Two substantially identical electrode structures are provided in the vacuum vessel so that the inclined slits on each of the opposing coil conductors are generally parallel. Thus, current flows from a first external conductor rod, through a first conductor disk, and then through the several current paths defined by the coil conductor to an electrical connector. At the connector, the current passes from a first main electrode to the opposing electrode structure, which is, in effect, a mirror image of the first electrode structure. The slits and current paths on the two opposing conductor coils are aligned such that the current effectively flows through one full turn as it passes through the vacuum vessel. Consequently, a strong, uniform axial magnetic field is applied to the two main electrodes, and current arcing between the spaced main electrodes can be more uniformly distributed over the entire surfaces of the main electrodes.

The electrode structures of the improved vacuum interrupter also include a structure support rod that extends axially from the main electrode, through the tubular coil conductor, and co-axially within the external conductor rod. The support rod reduces mechanical stress on the tubular coil and concentrically aligns the electrode structure, thereby maintaining the integrity of the current paths around the coil conductor. These and various other characteristics and advantages of the present invention will become readily apparent to those skilled in the art upon reading the following detailed description and claims and by referring to the accompanying drawings.

BRIEF DESCRIPTION OF THE DRAWINGS

For a more detailed description of the preferred embodiment of the invention, reference will now be made to the accompanying drawings, wherein:

FIG. 1 is a partly sectional, schematic side elevation view of a vacuum interrupter constructed in accordance with the present invention;

FIG. 2 is a perspective view of one of the two electrode structures incorporated in the vacuum interrupter shown in FIG. 1.

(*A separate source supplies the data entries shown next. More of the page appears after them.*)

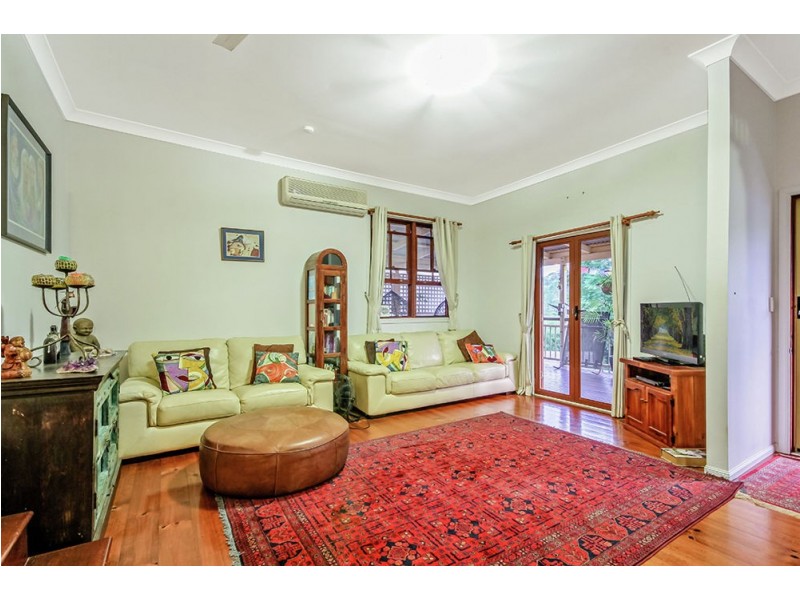 12 Fleetwood Court, Ferny Hills QLD 4055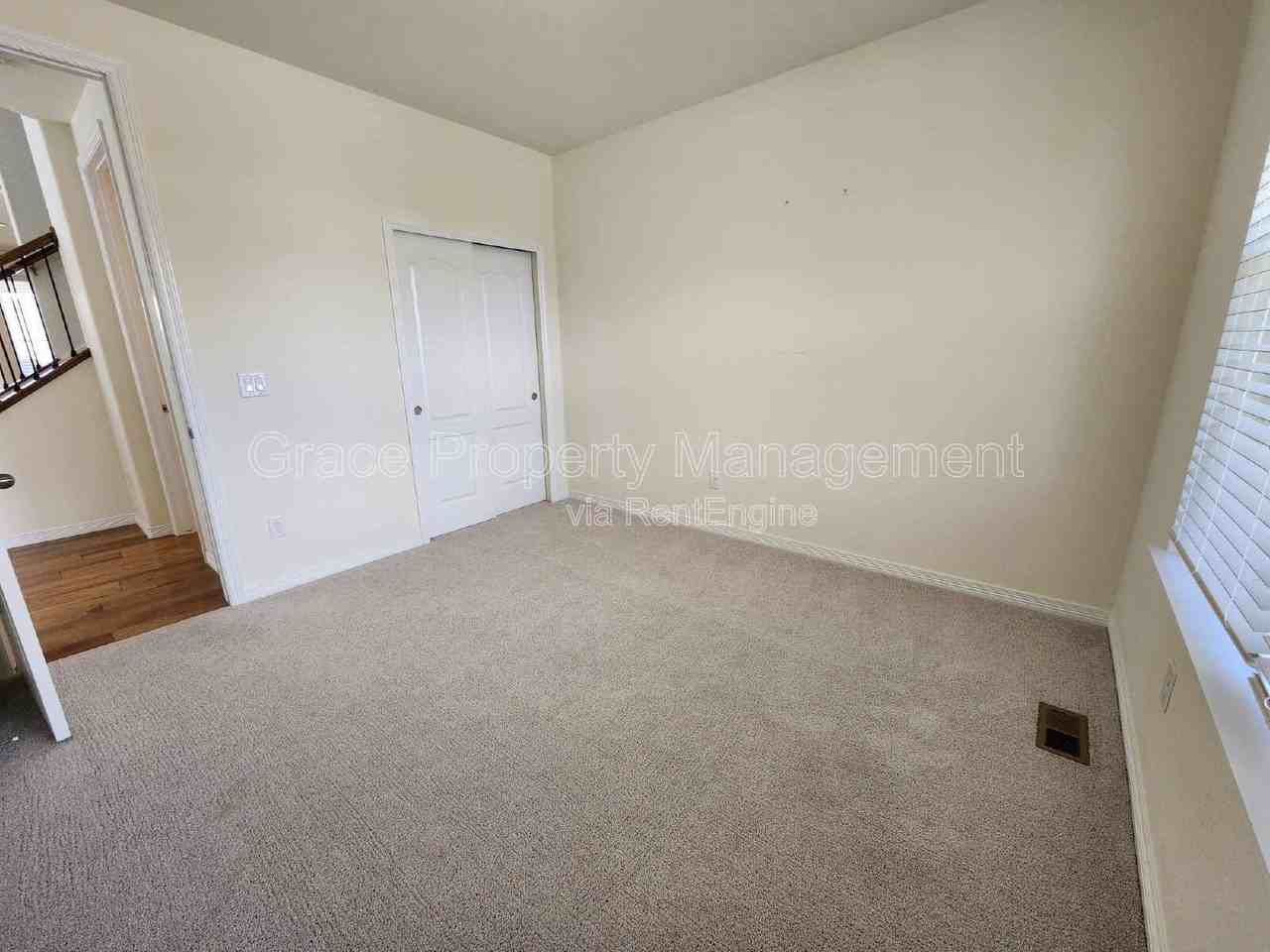808 Byrd Dr - Photo 4 of 30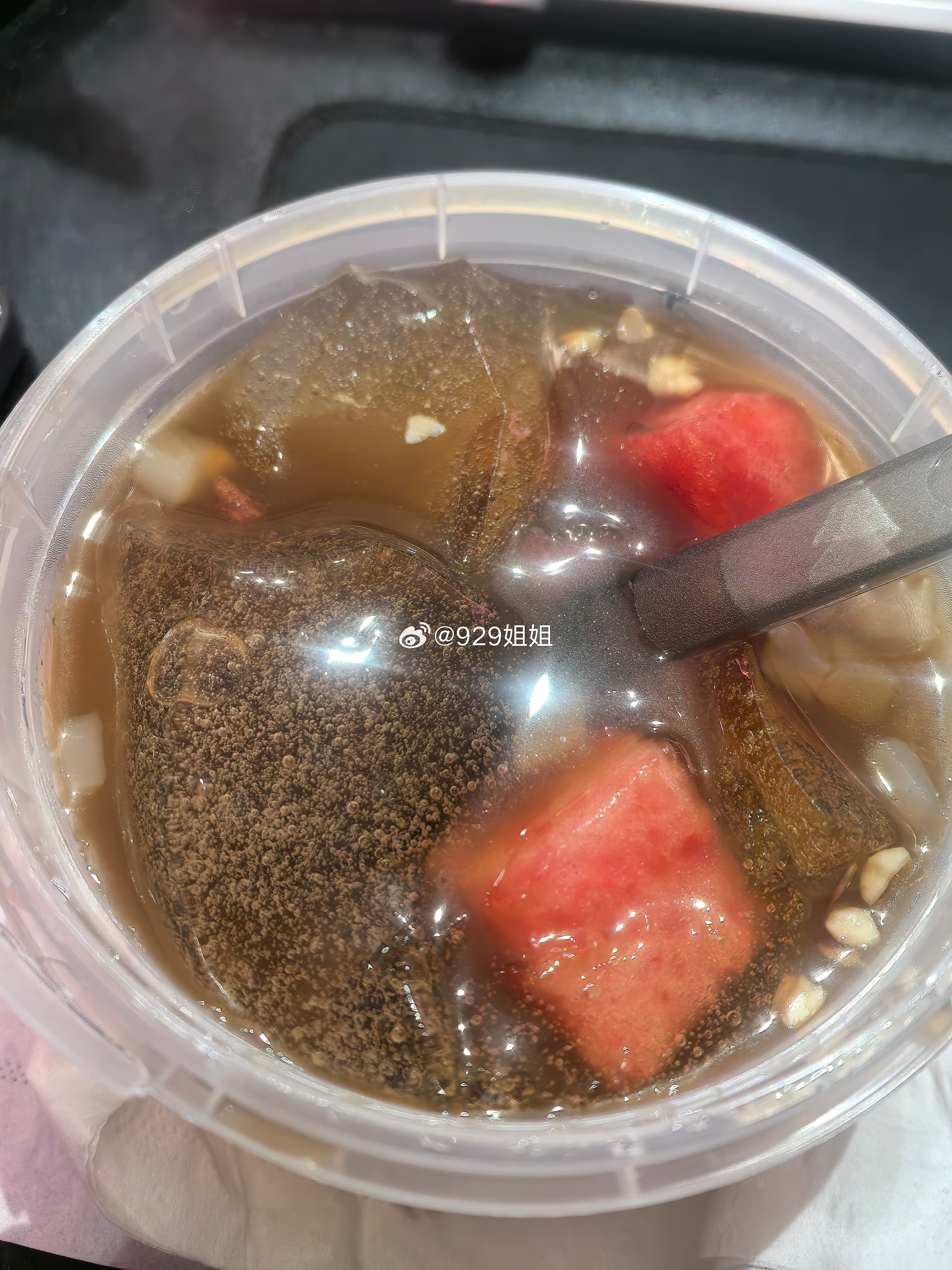 这是正宗的手搓两份哎有气泡的 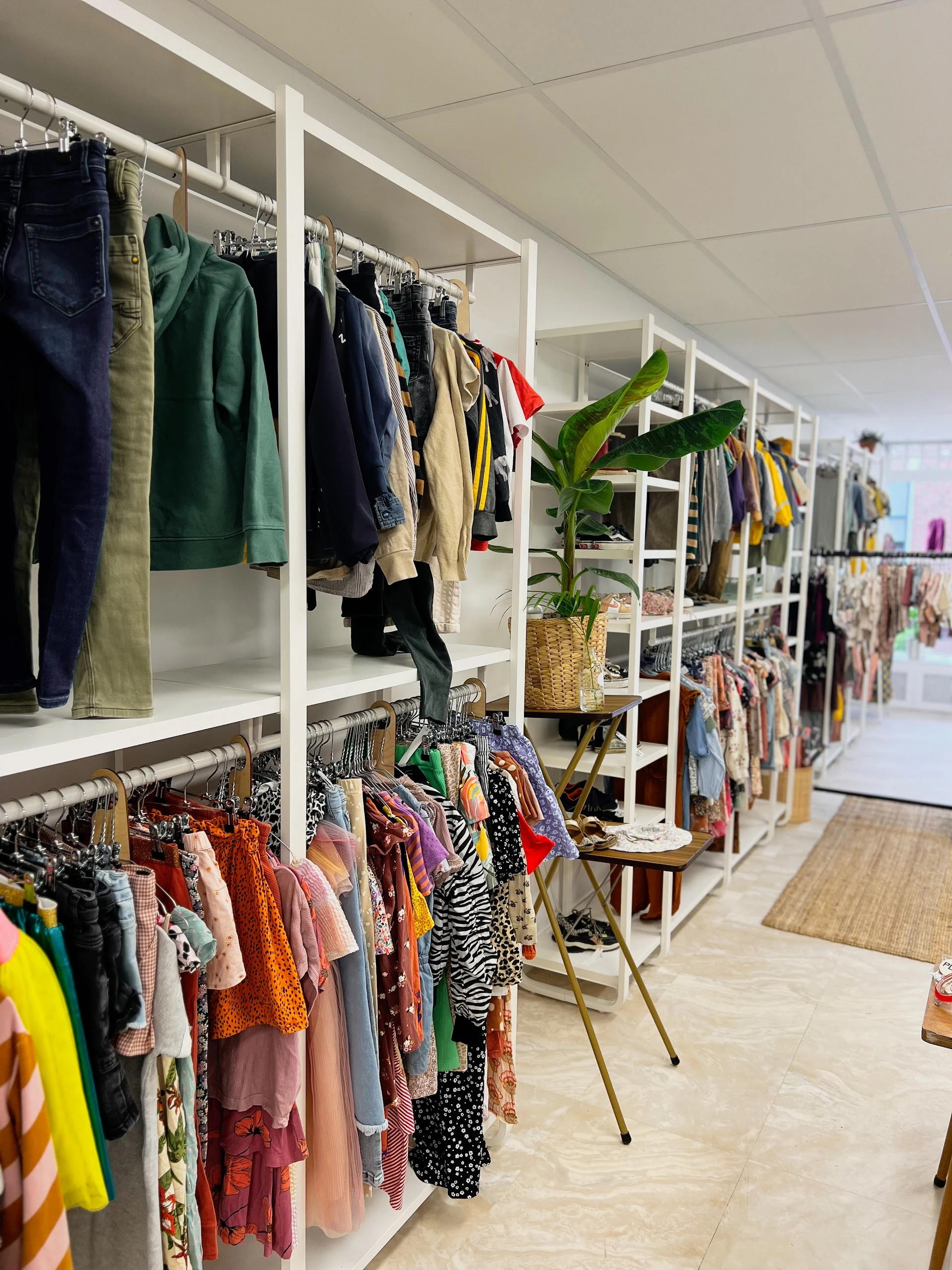 PUUT Zuidhorn in Zuidhorn met tweedehands meubels en kleding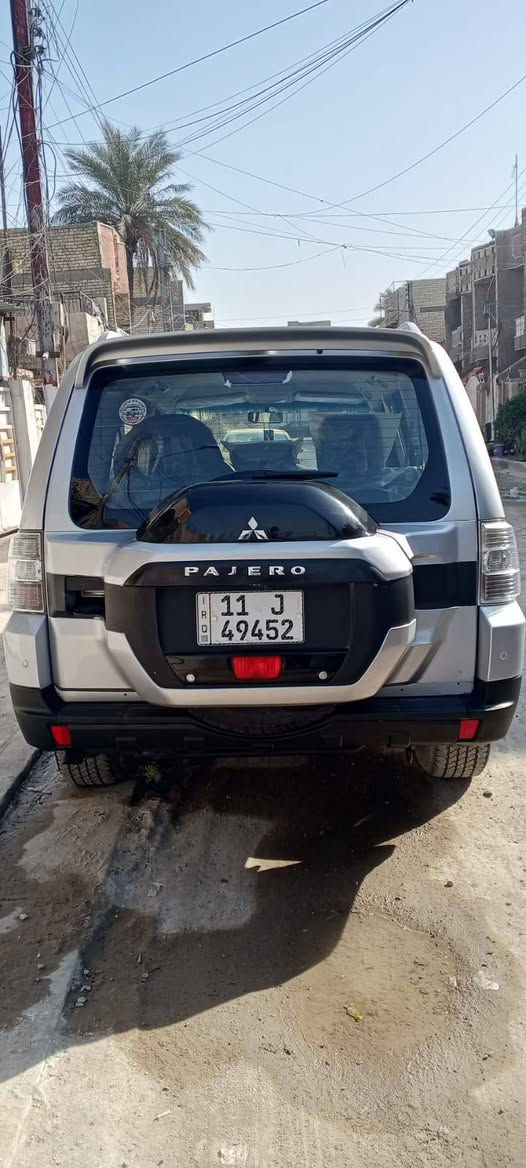 سلام عليكم باجيرو موديل 2008. رقم بغداد الجديد مكفولة كفاله عامه عده البنيد مصيوغ فقط مكينه كير تبريد كهربائيات كله شرط الفحص تخم تاير ويل كب تحكم ستيرن مثبت سرعه مري شفط 7. راكب 3. قطع تبريد محرك 3000. مكانهه بغداد سعر 125. وبيهه مجال 
***********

DETAILED DESCRIPTION OF THE PREFERRED EMBODIMENT

The vacuum interrupter of the present invention comprises an improved design of the interrupter disclosed in commonly assigned U.S. Ser. No. 156,251, which is hereby incorporated by reference herein. Referring now to FIG. 1, a vacuum interrupter constructed in accordance with the preferred embodiment of the present invention, includes a vacuum vessel 15, a movable electrode structure 25 displaced along the central axis of vessel 15, a stationary electrode structure 30 disposed along the central axis of the vacuum vessel 15 opposite the movable electrode structure 25, and a bellows 28 for displacing the movable electrode structure 25 axially within the vessel 15. Displacing the movable electrode structure 25 from the stationary electrode structure 30 causes current flowing between the two electrode structures to arc across the gap between the structures, as discussed more fully herein.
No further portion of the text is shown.